Background: Immune checkpoint blockade is revolutionizing therapy for advanced cancer, but many patients do not respond to treatment. The identification of robust biomarkers that predict clinical response to specific checkpoint inhibitors is critical in order to stratify patients and to rationally select combinations in the context of an expanding array of therapeutic options.
Methods: We performed multiparameter flow cytometry on freshly isolated metastatic melanoma samples from 2 cohorts of 20 patients each prior to treatment and correlated the subsequent clinical response with the tumor immune phenotype.

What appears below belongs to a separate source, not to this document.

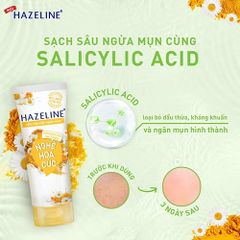 Sữa Rửa Mặt Hazeline Giảm Mụn Nghệ Hoa Cúc 100g [tặng 1 SRM Tràm Trà Cica 40gr]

Results: Increasing fractions of programmed cell death 1 high/cytotoxic T lymphocyte-associated protein 4 high (PD-1hiCTLA-4hi) cells within the tumor-infiltrating CD8+ T cell subset strongly correlated with response to therapy (RR) and progression-free survival (PFS). Functional analysis of these cells revealed a partially exhausted T cell phenotype. Assessment of metastatic lesions during anti-PD-1 therapy demonstrated a release of T cell exhaustion, as measured by an accumulation of highly activated CD8+ T cells within tumors, with no effect on Tregs.
Conclusions: Our data suggest that the relative abundance of partially exhausted tumor-infiltrating CD8+ T cells predicts response to anti-PD-1 therapy. This information can be used to appropriately select patients with a high likelihood of achieving a clinical response to PD-1 pathway inhibition.
Funding: This work was funded by a generous gift provided by Inga-Lill and David Amoroso as well as a generous gift provided by Stephen Juelsgaard and Lori Cook.